Food safety and foodborne illness — Veterinarians working in livestock and farm animal veterinary services are embedded within food production systems that FDA and USDA Food Safety and Inspection Service (FSIS) regulate. Antemortem and postmortem inspection by USDA-accredited veterinarians is a statutory food safety mechanism, not an advisory function.

Antimicrobial stewardship in food animals — Following FDA's Veterinary Feed Directive (VFD) rule (21 CFR Part 558), medically important antibiotics in animal feed require a licensed veterinarian's written authorization. This places veterinary decision-making at the regulatory boundary between agricultural practice and human antibiotic resistance outcomes.

Wildlife and exotic animal interfacesExotic and zoo animal veterinary care practitioners frequently interact with USDC Fish and Wildlife Service (FWS) permit requirements and CDC import regulations for specific species. Wildlife-to-domestic-animal-to-human pathogen spillover events, such as the 2003 monkeypox outbreak traced to imported Gambian pouched rats, demonstrate the regulatory and clinical complexity at this interface.


Decision boundaries

One Health creates coordination obligations but does not override existing regulatory jurisdiction. The following distinctions govern practical application:

Veterinary vs. medical jurisdiction — A licensed veterinarian diagnoses and treats animals. When a zoonotic pathogen is suspected in a human patient, the reporting and treatment authority shifts entirely to licensed human healthcare providers and state public health departments. Veterinary findings can inform human clinical investigations but do not authorize human medical recommendations.

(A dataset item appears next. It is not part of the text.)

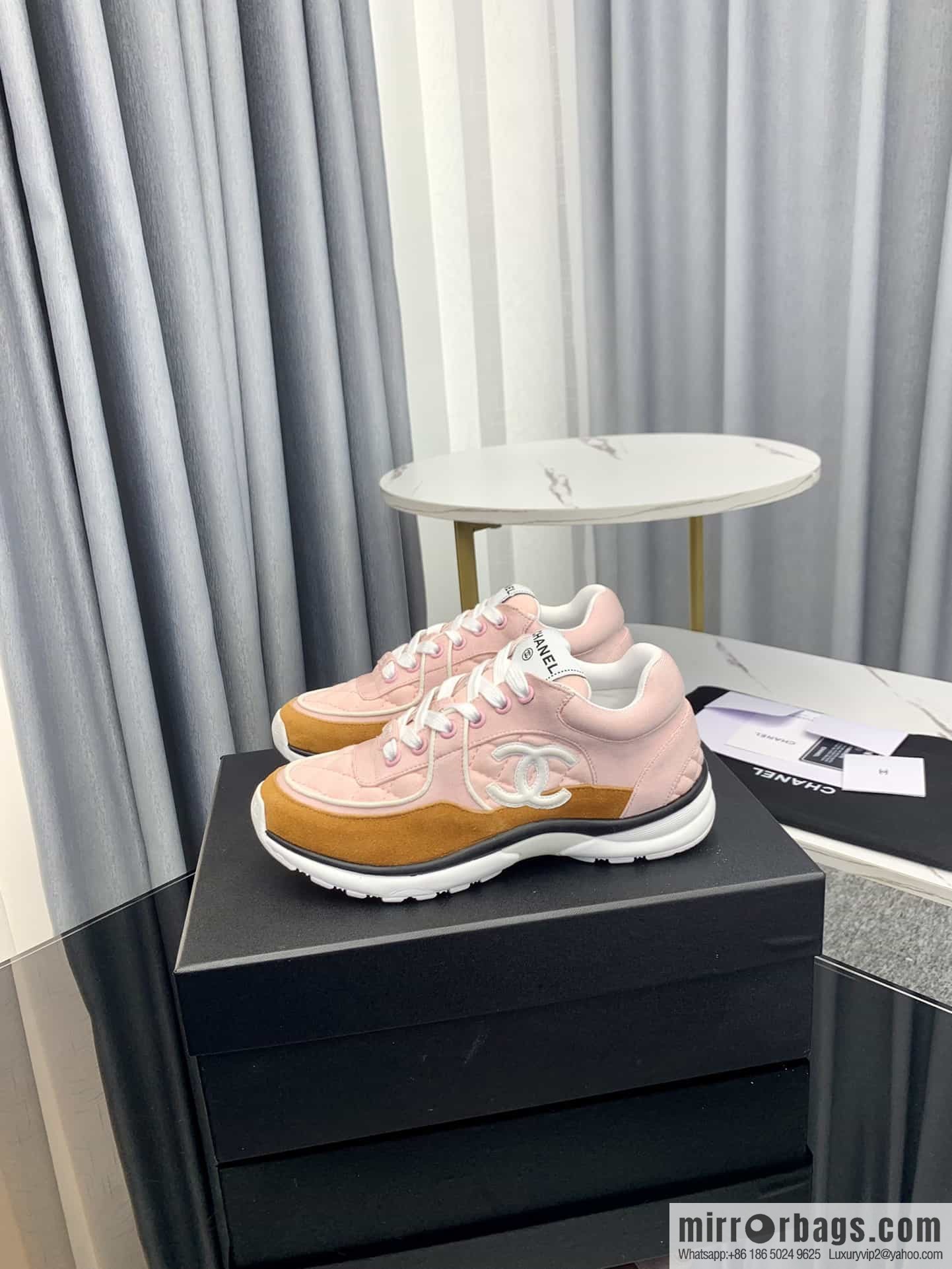Chanel Chanel's latest suede panda shoes casual sneakers skate shoes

Federal vs. state authority — USDA APHIS and FDA hold federal authority over interstate commerce, import/export, and food production. State veterinary boards and state departments of agriculture govern intrastate practice and locally notifiable diseases. These jurisdictions can overlap, as seen in brucellosis control programs that require both state-issued quarantine authority and federal indemnification protocols.

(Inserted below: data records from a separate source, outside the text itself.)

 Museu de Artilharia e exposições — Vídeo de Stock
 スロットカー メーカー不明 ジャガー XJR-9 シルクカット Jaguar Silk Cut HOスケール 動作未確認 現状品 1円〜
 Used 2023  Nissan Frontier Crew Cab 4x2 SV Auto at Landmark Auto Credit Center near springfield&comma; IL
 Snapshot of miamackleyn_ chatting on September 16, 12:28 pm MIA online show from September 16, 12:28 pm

Surveillance vs. clinical care — One Health surveillance obligations (notifiable disease reporting, laboratory submission to NAHLN) are distinct from clinical care decisions. A veterinarian managing a sick animal follows clinical standards of care — described in the context of veterinary preventive care and wellness — regardless of whether a parallel public health investigation is active.

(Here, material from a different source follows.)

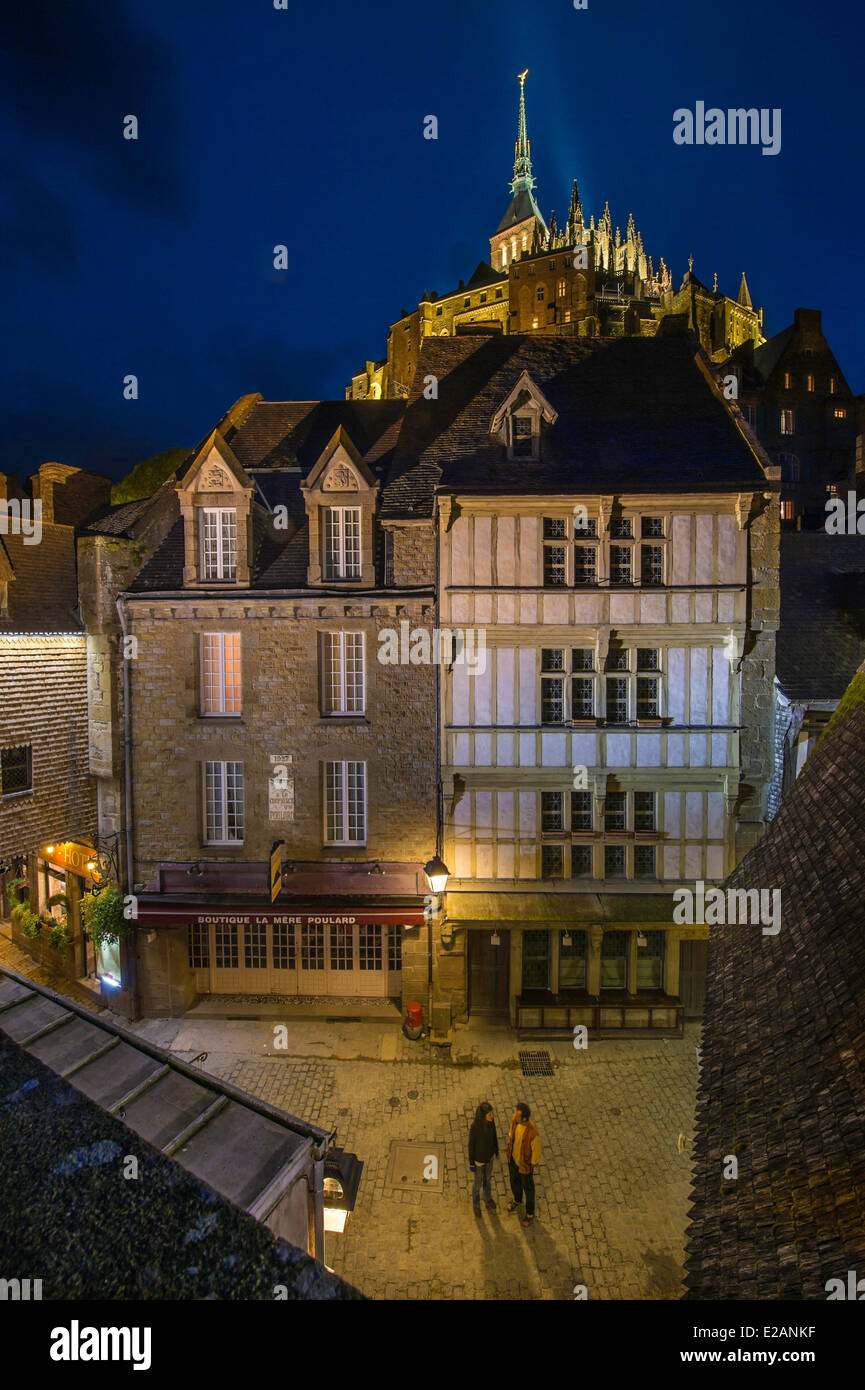 Frankreich, Manche, Bucht des Mont Saint Michel, Weltkulturerbe der UNESCO, Mont Saint Michel, Treppe, die zum Grande Stockfoto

Comparative risk classification — WHO and OIE classify animal pathogens by zoonotic risk tier. Tier 1 agents (e.g., rabies, anthrax, highly pathogenic avian influenza) trigger mandatory federal notification. Lower-tier pathogens may require state-level reporting only. Veterinary practitioners must know their state's specific notifiable disease list, which varies from the federal list maintained by USDA APHIS.